Up until now we have a notion of what a single patch is. We know how to
apply it where it is applicable.

But a repo consists of dozens, sometime thousands of patches. So it is
important to think about how multiple patches can be composed.

As patches, as we have defined them, are in fact functions, the first
guess might be to use function composition: If `a, b ∈ P` and `cod(a)
⊆ dom(b)`, we can write `b * a`.

The problem with this is that we can not be sure that `b * a` is a
patch. Axiom 2 makes sure that all changes in that set are equivalent.
But we do not know whether elements of the equivalence class are
missing. Take for example `a⁻¹ * a`. This should equal `id`, but in fact
it is `id` restricted to `dom(a)`.

There is a second problem. What do we do if the condition `cod(a) ⊆
dom(b)` is not complied with? We could simply say that these patches
conflict, but it is an important goal to create as few conflicts as
possible.

So I prefer this definition: For two patches `a, b` and `X, Y, Z ∈ S`
such that `XY ∈ a` and `YZ ∈ b`, the *composition* of `a` and `b` is
defined as `ab := [XZ]`.

-   The result is always a patch

-   It works in many cases where `cod(a) ⊆ dom(b)` is not
    complied with

-   It only creates a conflict if `cod(a) ∩ dom(b)` is empty

### Independence

Axiom 4 can now be reformulated in terms of patches:

``ab = bc => a = c``

Patches `a, b ∈ P` for which `ab = ba` is true are called *independent*.
`id` is independent from all patches.

## Further Ideas

These are notes on ideas on some parts that may be interesting to work
on in the future.

### Simple Questions

There are some questions about patches that seem harmless but are not
all that easy to get an answer for. Examples:

-   Is there a patch `a` with `dom(a) = S` except for `id`?

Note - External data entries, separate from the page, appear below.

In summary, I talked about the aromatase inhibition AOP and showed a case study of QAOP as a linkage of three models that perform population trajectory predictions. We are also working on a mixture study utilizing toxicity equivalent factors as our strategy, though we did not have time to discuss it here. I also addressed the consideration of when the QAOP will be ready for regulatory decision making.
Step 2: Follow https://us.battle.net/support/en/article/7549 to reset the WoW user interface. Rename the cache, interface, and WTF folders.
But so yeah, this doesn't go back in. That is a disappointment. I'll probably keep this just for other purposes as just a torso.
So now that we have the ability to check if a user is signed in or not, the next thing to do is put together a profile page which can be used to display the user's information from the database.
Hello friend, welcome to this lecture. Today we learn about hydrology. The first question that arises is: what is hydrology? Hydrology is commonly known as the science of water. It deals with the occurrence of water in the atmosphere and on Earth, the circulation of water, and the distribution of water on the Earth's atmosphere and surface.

-   Is there a patch `a` with `dom(a) ∩ cod(a) != 0` except
    for `id`?

### Patch sets

The composition I gave in the previous chapter is not associative.
Example: Say patches `a, b` conflict. Then `(ab)b⁻¹` is not defined,
while `a(bb⁻¹)` is.

There is an obvious solution to this problem: Patches should simply
always be applied in an order that makes most sense. That is, we do not
look at (ordered) sequences of patches, but at *patch sets*. A merge, in
this scenario is simply a union of two patch sets.

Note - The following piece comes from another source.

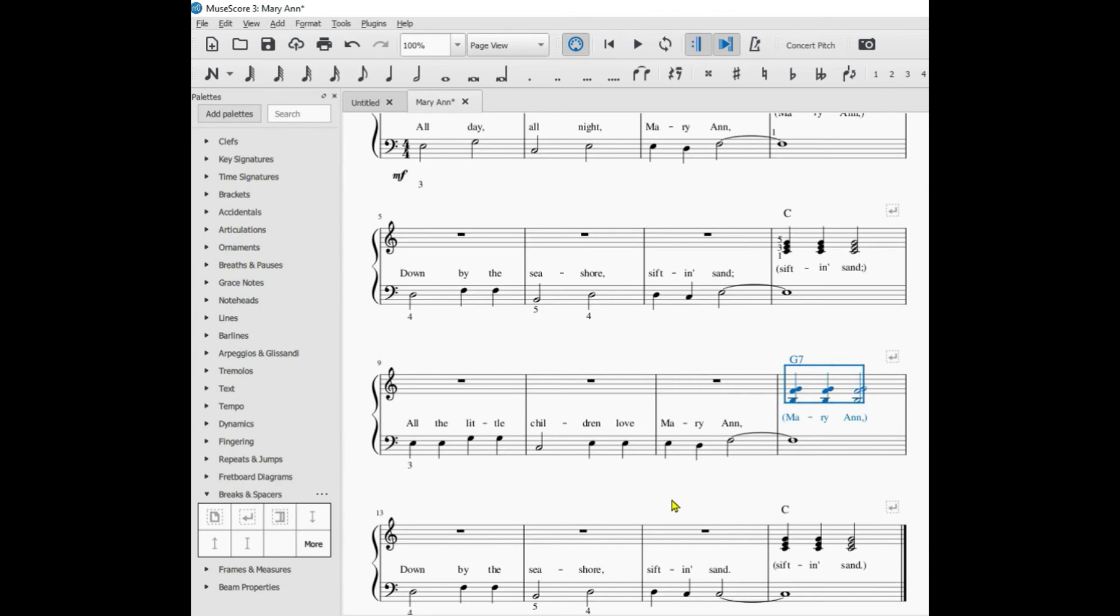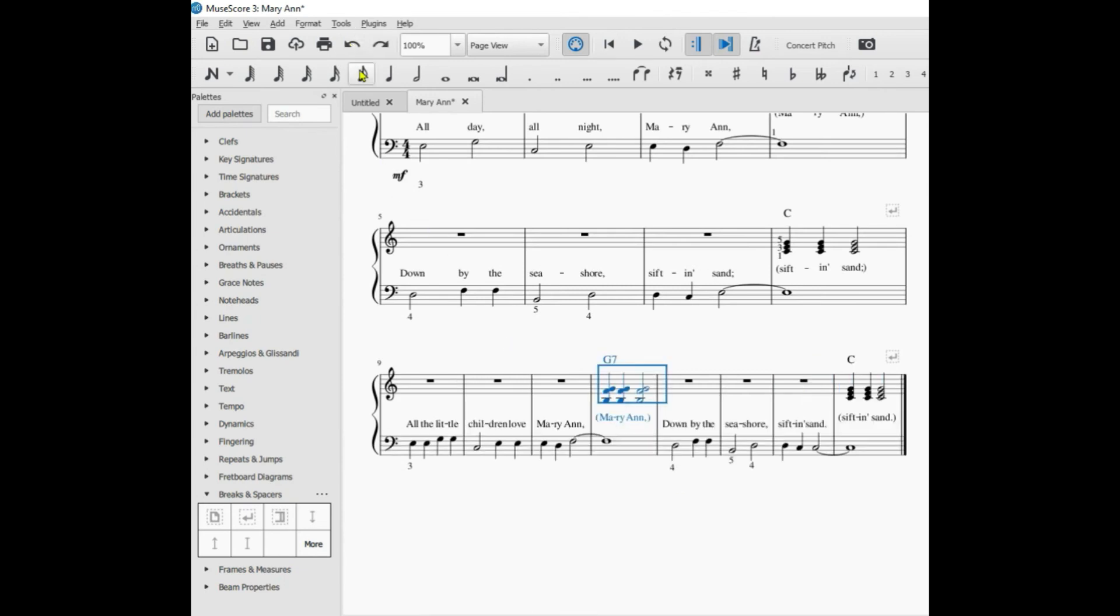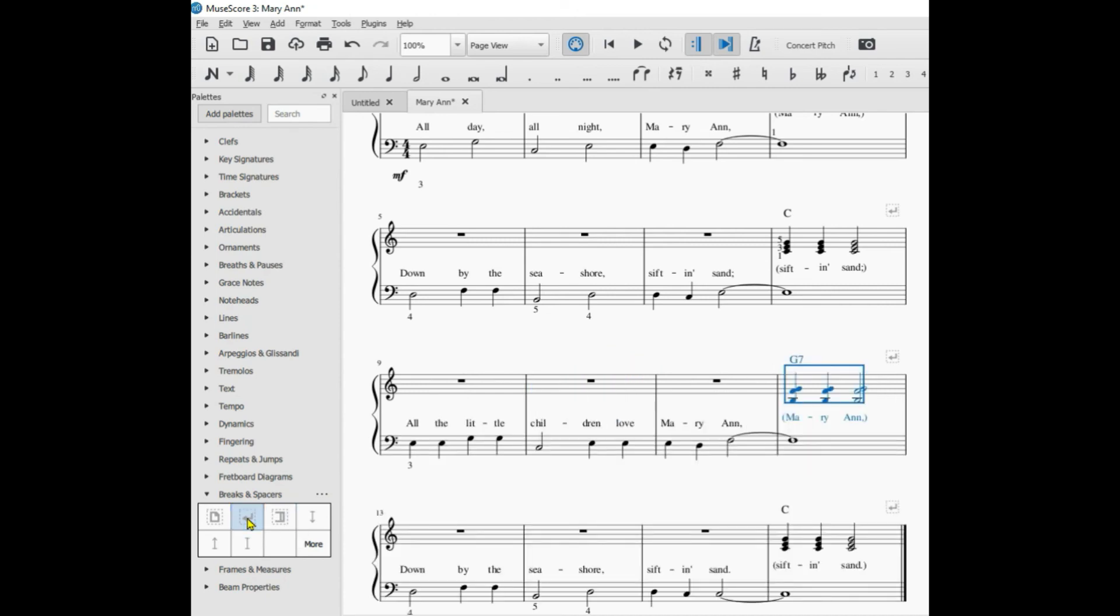Okay, let's do that one more time. So there are eight measures on this line, eight measures on this line. I click on this measure, left click, go to system break. And now suddenly there are four measures here and four measures here.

But there are obvious issues with this approach, too. It is not clear
what the "order that makes most sense" should be and whether it is
unambiguous. And while most things I said before are compatible with
common version control systems we use today, this is not.

### State as Patches

Now that we have patches we can fix one state we may call `0` and
identify every state `A ∈ S` with the patch `[0A]` where `0` is
identified with `[00] = id`.

Of course this is only a small subset of patches (more specifically, it
is `{a ∈ P | 0 ∈ dom(a)}`). But it may have some interesting structural
properties.

### Conflicts

#### Group structure

The set of patches `P` has a structure similar to a group: There is a
neutral element `id` and for every element `a`, there is an inverse
element `a⁻¹` with `aa⁻¹ = id = a⁻¹a`.

But unfortunately the composition is only defined for patches `a, b ∈ P`
that comply with the condition `cod(a) ∩ dom(b) != 0`. The theory would
get a whole lot nicer if we could manage to extend `P` to contain one or
many elements that represent conflict. I did not come up with a sensible
way to force `P` into a group, but I guess it would be worth it.

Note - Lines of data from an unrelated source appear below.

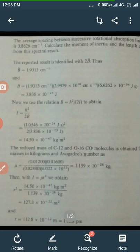That is 112.8 picometers. So this is the bond distance, or bond length — that is the distance between the nuclei of carbon and oxygen in the molecule of carbon monoxide. This way, by recording the rotational spectra of different gaseous molecules, we can calculate the moment of inertia and bond distances in different molecules.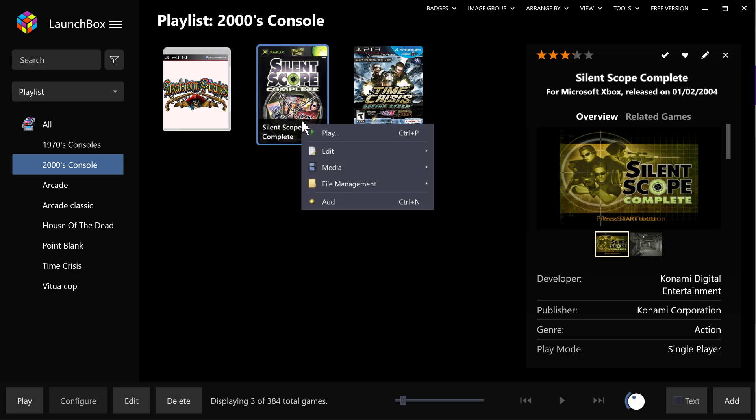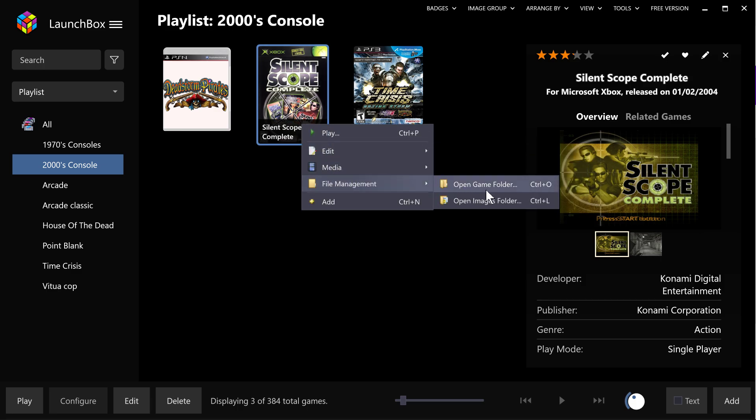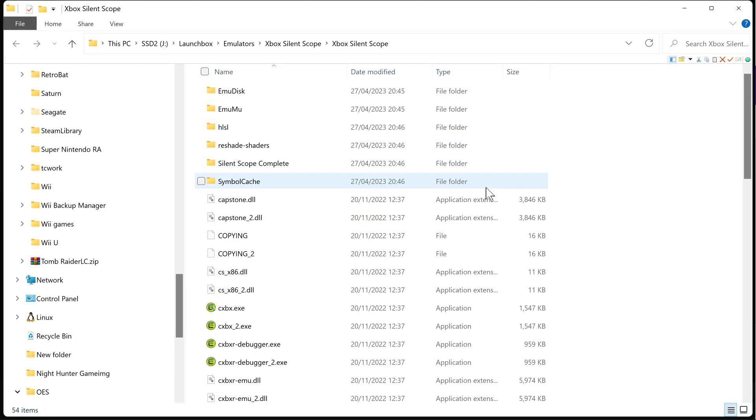Okay, we right-click the bad boy. We're going to file management. We put open game folder.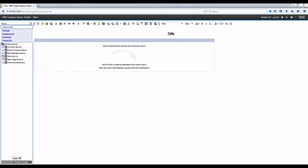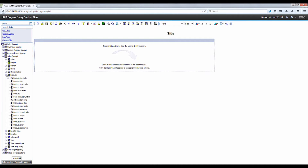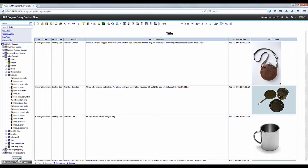We're going to expand product and then hold the control and click on product line, product type, product name, description, and introduction date and product image. Insert these items into the report.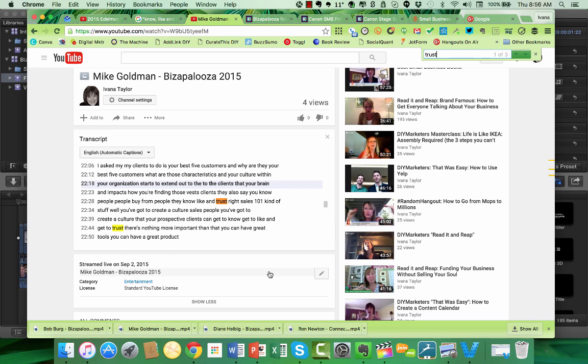So that is my how-to sneaky tip for all you DIY marketers today.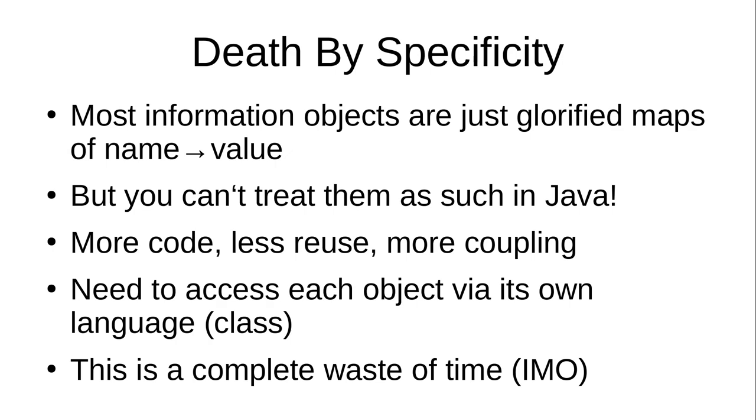Because essentially what's happening is every object has its own little language. My class, my interface, my own language. This is my biggest pet peeve. I wanted to get away from this. When we started writing get this, get that, it's like there's no purpose to this. This is just life sucking.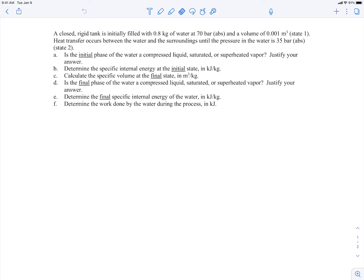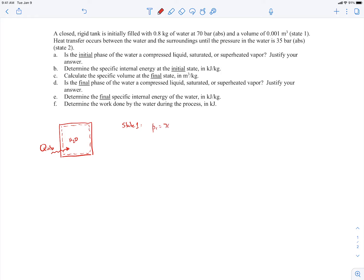We have a closed rigid tank initially filled with 0.8 kilograms of water. Let's draw the closed rigid tank with water as our system. There's heat transfer between the water and the surroundings until the pressure reaches 35 bar at state 2. At state 1, we're told p1 is 70 bar and v1 volume is 0.001 cubic meters.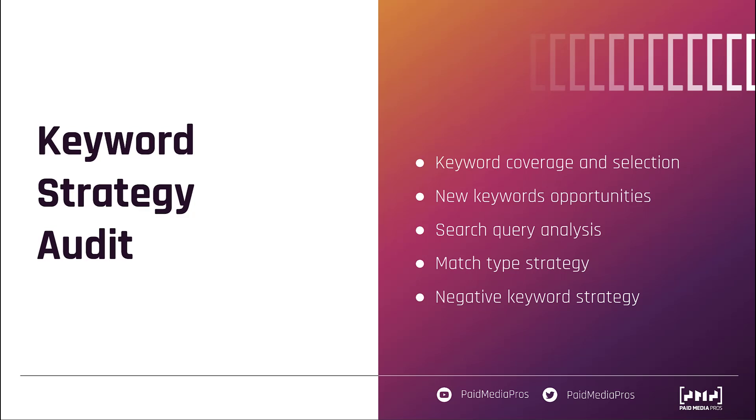If you have any additional questions about how we would audit the keyword strategy or negative keyword strategy in an account or anything else about the paid search campaign landscape, let us know in the comments below. And hopefully we'll see you at the next portion of our paid search audit series, where we're going to cover ad copy strategy.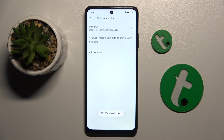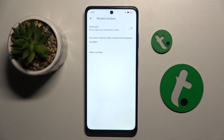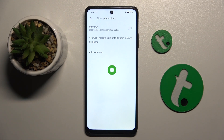And that's how you unblock a number. If you enjoyed this video, please leave a like and subscribe. Thank you guys for watching. Bye!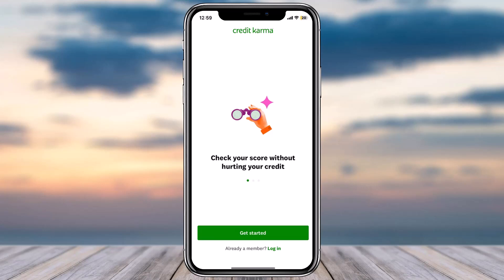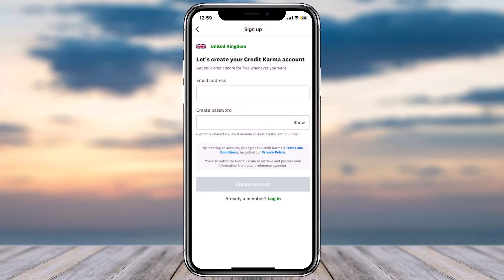As soon as you open the app, your home page will look somewhat like this, where it will basically provide you two different options. If you are already a member you can simply log into your account, but if you are not a member already you'll have to tap on the option 'Get Started'. So since we are here to create our account, we'll tap on it.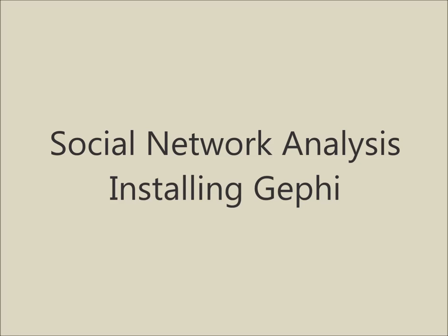In this module, I will give you step-by-step instructions on how to install Gephi. Gephi is a software that we will be using to do social network analysis.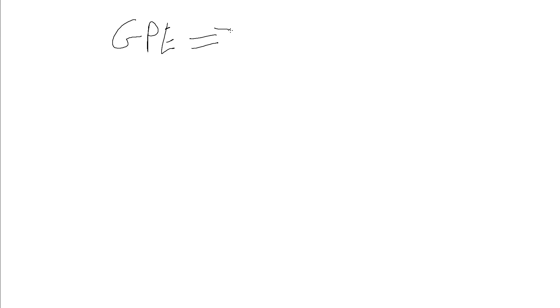In this video we're going to have a look at an energy interconversion example, and we're going to take some experimental data to investigate that conversion and determine its efficiency. Specifically, the conversion we're going to be looking at is going from GPE, that is gravitational potential energy, to kinetic energy.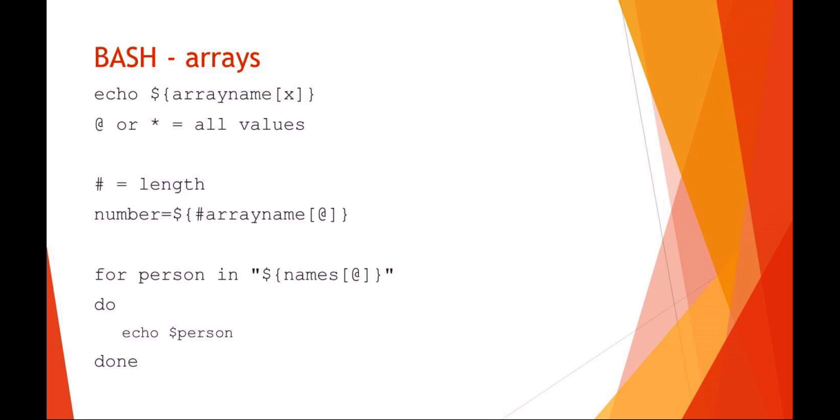You could also use the pound or hash symbol to get the length. So if I wanted to know how many names were in the array, I would say the number equals variable curly brace for array, hash for length, array name, and then the element at symbol to address all values. So that's effectively giving me the length of the array and setting it equal to the number variable.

#### Manual conflict resolution

An issue that I imagine is very important in developing actual version
control systems is aiding humans in resolving conflicts. I did only
scratch that topic when I said that I wanted to provoke as few conflicts
as possible.

But sometimes there are real conflicts and in those cases it is no good
trying to be smart. So breaking a patch into multiple parts, applying
those that can be applied automatically and presenting the other to a
human in a humane way is something that needs to be done.

I did not yet think about it at all.

## Conclusion

I believe I have come up with a stable foundation for patch theory. The
idea to define patches as equivalence classes over the square of states
proved to be flexible and elegant. I have analyzed patches to have a
group-like structure, but did not yet manage to force them into actually
being a group.

I guess my thoughts are still a bit messy. So sorry for that.